Stored items
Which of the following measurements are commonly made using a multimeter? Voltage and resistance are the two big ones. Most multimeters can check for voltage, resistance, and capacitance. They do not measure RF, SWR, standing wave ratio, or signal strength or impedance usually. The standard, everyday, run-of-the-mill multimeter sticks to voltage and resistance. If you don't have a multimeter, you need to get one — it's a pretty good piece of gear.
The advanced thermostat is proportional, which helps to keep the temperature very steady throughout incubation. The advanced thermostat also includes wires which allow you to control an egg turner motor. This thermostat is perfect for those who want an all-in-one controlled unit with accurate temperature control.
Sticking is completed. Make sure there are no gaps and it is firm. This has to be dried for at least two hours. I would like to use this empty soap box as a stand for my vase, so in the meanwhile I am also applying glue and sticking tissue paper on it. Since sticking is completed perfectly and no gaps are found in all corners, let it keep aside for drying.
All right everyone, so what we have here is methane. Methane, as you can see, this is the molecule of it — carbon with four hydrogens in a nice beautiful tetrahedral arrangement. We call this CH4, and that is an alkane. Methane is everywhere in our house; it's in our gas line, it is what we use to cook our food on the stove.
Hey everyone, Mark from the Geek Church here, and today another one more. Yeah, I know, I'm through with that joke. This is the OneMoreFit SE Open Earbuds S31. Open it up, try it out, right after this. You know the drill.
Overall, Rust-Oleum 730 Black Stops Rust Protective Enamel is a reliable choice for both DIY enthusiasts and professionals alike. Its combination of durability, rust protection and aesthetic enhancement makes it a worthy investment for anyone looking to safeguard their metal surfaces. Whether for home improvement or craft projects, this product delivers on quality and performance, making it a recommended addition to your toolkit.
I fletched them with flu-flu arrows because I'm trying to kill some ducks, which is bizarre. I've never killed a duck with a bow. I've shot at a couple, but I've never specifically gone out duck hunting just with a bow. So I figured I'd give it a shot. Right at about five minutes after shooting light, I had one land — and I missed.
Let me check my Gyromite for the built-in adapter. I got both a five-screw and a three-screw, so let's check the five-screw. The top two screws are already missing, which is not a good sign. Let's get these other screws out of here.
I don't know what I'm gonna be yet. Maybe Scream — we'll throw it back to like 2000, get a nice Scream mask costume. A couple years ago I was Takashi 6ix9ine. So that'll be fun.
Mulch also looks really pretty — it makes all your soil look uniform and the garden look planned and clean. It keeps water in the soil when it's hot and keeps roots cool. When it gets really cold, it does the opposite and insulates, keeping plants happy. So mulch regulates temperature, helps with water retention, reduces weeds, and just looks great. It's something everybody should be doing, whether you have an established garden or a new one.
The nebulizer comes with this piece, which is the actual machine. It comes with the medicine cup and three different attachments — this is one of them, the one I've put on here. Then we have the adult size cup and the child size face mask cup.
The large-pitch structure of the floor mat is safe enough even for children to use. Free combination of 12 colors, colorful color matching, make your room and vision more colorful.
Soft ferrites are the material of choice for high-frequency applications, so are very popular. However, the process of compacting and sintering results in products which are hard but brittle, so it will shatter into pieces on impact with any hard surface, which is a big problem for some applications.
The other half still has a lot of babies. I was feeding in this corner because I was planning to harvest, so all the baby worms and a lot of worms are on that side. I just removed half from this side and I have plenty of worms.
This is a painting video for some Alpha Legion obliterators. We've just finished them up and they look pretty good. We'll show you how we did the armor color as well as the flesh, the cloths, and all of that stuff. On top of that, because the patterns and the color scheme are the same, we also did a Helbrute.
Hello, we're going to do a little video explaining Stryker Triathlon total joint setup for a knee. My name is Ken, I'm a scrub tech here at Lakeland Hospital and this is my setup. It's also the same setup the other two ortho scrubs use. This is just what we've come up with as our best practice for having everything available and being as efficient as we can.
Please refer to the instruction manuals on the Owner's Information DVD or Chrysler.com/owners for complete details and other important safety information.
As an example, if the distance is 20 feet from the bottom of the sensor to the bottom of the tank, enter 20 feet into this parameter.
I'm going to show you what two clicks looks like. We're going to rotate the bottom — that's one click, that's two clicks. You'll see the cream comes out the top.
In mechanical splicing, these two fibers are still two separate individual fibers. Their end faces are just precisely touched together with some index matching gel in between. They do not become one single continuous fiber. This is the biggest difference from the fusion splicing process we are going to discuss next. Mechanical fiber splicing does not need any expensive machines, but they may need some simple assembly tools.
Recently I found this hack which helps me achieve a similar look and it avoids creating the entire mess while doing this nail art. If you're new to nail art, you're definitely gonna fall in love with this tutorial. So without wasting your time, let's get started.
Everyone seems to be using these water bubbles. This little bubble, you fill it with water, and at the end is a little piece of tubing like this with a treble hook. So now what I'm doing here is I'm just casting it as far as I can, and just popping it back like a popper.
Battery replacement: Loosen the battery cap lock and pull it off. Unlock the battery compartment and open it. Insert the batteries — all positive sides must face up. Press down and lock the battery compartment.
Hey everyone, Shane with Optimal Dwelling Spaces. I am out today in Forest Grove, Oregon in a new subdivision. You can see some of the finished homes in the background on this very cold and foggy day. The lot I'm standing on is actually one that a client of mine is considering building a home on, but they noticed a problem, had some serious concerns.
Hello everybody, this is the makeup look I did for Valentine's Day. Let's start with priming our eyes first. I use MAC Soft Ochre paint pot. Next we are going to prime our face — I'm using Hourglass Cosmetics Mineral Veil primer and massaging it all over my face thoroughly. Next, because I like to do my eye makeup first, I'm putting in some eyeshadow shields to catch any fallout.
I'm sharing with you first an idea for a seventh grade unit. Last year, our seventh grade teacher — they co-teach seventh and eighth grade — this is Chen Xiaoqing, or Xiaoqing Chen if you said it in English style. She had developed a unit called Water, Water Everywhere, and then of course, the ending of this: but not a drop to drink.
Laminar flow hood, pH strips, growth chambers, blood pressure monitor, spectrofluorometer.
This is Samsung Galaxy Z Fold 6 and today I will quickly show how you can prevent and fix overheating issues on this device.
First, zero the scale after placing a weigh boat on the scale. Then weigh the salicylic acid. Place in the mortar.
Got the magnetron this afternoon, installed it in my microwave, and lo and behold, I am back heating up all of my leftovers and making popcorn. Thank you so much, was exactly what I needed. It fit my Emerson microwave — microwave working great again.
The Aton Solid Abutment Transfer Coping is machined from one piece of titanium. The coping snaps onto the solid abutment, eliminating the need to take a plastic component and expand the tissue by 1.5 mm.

## Work to complete
The answer is every entry, copied word for word.

## Solution to the problem
Which of the following measurements are commonly made using a multimeter? Voltage and resistance are the two big ones. Most multimeters can check for voltage, resistance, and capacitance. They do not measure RF, SWR, standing wave ratio, or signal strength or impedance usually. The standard, everyday, run-of-the-mill multimeter sticks to voltage and resistance. If you don't have a multimeter, you need to get one — it's a pretty good piece of gear.
The advanced thermostat is proportional, which helps to keep the temperature very steady throughout incubation. The advanced thermostat also includes wires which allow you to control an egg turner motor. This thermostat is perfect for those who want an all-in-one controlled unit with accurate temperature control.
Sticking is completed. Make sure there are no gaps and it is firm. This has to be dried for at least two hours. I would like to use this empty soap box as a stand for my vase, so in the meanwhile I am also applying glue and sticking tissue paper on it. Since sticking is completed perfectly and no gaps are found in all corners, let it keep aside for drying.
All right everyone, so what we have here is methane. Methane, as you can see, this is the molecule of it — carbon with four hydrogens in a nice beautiful tetrahedral arrangement. We call this CH4, and that is an alkane. Methane is everywhere in our house; it's in our gas line, it is what we use to cook our food on the stove.
Hey everyone, Mark from the Geek Church here, and today another one more. Yeah, I know, I'm through with that joke. This is the OneMoreFit SE Open Earbuds S31. Open it up, try it out, right after this. You know the drill.
Overall, Rust-Oleum 730 Black Stops Rust Protective Enamel is a reliable choice for both DIY enthusiasts and professionals alike. Its combination of durability, rust protection and aesthetic enhancement makes it a worthy investment for anyone looking to safeguard their metal surfaces. Whether for home improvement or craft projects, this product delivers on quality and performance, making it a recommended addition to your toolkit.
I fletched them with flu-flu arrows because I'm trying to kill some ducks, which is bizarre. I've never killed a duck with a bow. I've shot at a couple, but I've never specifically gone out duck hunting just with a bow. So I figured I'd give it a shot. Right at about five minutes after shooting light, I had one land — and I missed.
Let me check my Gyromite for the built-in adapter. I got both a five-screw and a three-screw, so let's check the five-screw. The top two screws are already missing, which is not a good sign. Let's get these other screws out of here.
I don't know what I'm gonna be yet. Maybe Scream — we'll throw it back to like 2000, get a nice Scream mask costume. A couple years ago I was Takashi 6ix9ine. So that'll be fun.
Mulch also looks really pretty — it makes all your soil look uniform and the garden look planned and clean. It keeps water in the soil when it's hot and keeps roots cool. When it gets really cold, it does the opposite and insulates, keeping plants happy. So mulch regulates temperature, helps with water retention, reduces weeds, and just looks great. It's something everybody should be doing, whether you have an established garden or a new one.
The nebulizer comes with this piece, which is the actual machine. It comes with the medicine cup and three different attachments — this is one of them, the one I've put on here. Then we have the adult size cup and the child size face mask cup.
The large-pitch structure of the floor mat is safe enough even for children to use. Free combination of 12 colors, colorful color matching, make your room and vision more colorful.
Soft ferrites are the material of choice for high-frequency applications, so are very popular. However, the process of compacting and sintering results in products which are hard but brittle, so it will shatter into pieces on impact with any hard surface, which is a big problem for some applications.
The other half still has a lot of babies. I was feeding in this corner because I was planning to harvest, so all the baby worms and a lot of worms are on that side. I just removed half from this side and I have plenty of worms.
This is a painting video for some Alpha Legion obliterators. We've just finished them up and they look pretty good. We'll show you how we did the armor color as well as the flesh, the cloths, and all of that stuff. On top of that, because the patterns and the color scheme are the same, we also did a Helbrute.
Hello, we're going to do a little video explaining Stryker Triathlon total joint setup for a knee. My name is Ken, I'm a scrub tech here at Lakeland Hospital and this is my setup. It's also the same setup the other two ortho scrubs use. This is just what we've come up with as our best practice for having everything available and being as efficient as we can.
Please refer to the instruction manuals on the Owner's Information DVD or Chrysler.com/owners for complete details and other important safety information.
As an example, if the distance is 20 feet from the bottom of the sensor to the bottom of the tank, enter 20 feet into this parameter.
I'm going to show you what two clicks looks like. We're going to rotate the bottom — that's one click, that's two clicks. You'll see the cream comes out the top.
In mechanical splicing, these two fibers are still two separate individual fibers. Their end faces are just precisely touched together with some index matching gel in between. They do not become one single continuous fiber. This is the biggest difference from the fusion splicing process we are going to discuss next. Mechanical fiber splicing does not need any expensive machines, but they may need some simple assembly tools.
Recently I found this hack which helps me achieve a similar look and it avoids creating the entire mess while doing this nail art. If you're new to nail art, you're definitely gonna fall in love with this tutorial. So without wasting your time, let's get started.
Everyone seems to be using these water bubbles. This little bubble, you fill it with water, and at the end is a little piece of tubing like this with a treble hook. So now what I'm doing here is I'm just casting it as far as I can, and just popping it back like a popper.
Battery replacement: Loosen the battery cap lock and pull it off. Unlock the battery compartment and open it. Insert the batteries — all positive sides must face up. Press down and lock the battery compartment.
Hey everyone, Shane with Optimal Dwelling Spaces. I am out today in Forest Grove, Oregon in a new subdivision. You can see some of the finished homes in the background on this very cold and foggy day. The lot I'm standing on is actually one that a client of mine is considering building a home on, but they noticed a problem, had some serious concerns.
Hello everybody, this is the makeup look I did for Valentine's Day. Let's start with priming our eyes first. I use MAC Soft Ochre paint pot. Next we are going to prime our face — I'm using Hourglass Cosmetics Mineral Veil primer and massaging it all over my face thoroughly. Next, because I like to do my eye makeup first, I'm putting in some eyeshadow shields to catch any fallout.
I'm sharing with you first an idea for a seventh grade unit. Last year, our seventh grade teacher — they co-teach seventh and eighth grade — this is Chen Xiaoqing, or Xiaoqing Chen if you said it in English style. She had developed a unit called Water, Water Everywhere, and then of course, the ending of this: but not a drop to drink.
Laminar flow hood, pH strips, growth chambers, blood pressure monitor, spectrofluorometer.
This is Samsung Galaxy Z Fold 6 and today I will quickly show how you can prevent and fix overheating issues on this device.
First, zero the scale after placing a weigh boat on the scale. Then weigh the salicylic acid. Place in the mortar.
Got the magnetron this afternoon, installed it in my microwave, and lo and behold, I am back heating up all of my leftovers and making popcorn. Thank you so much, was exactly what I needed. It fit my Emerson microwave — microwave working great again.
The Aton Solid Abutment Transfer Coping is machined from one piece of titanium. The coping snaps onto the solid abutment, eliminating the need to take a plastic component and expand the tissue by 1.5 mm.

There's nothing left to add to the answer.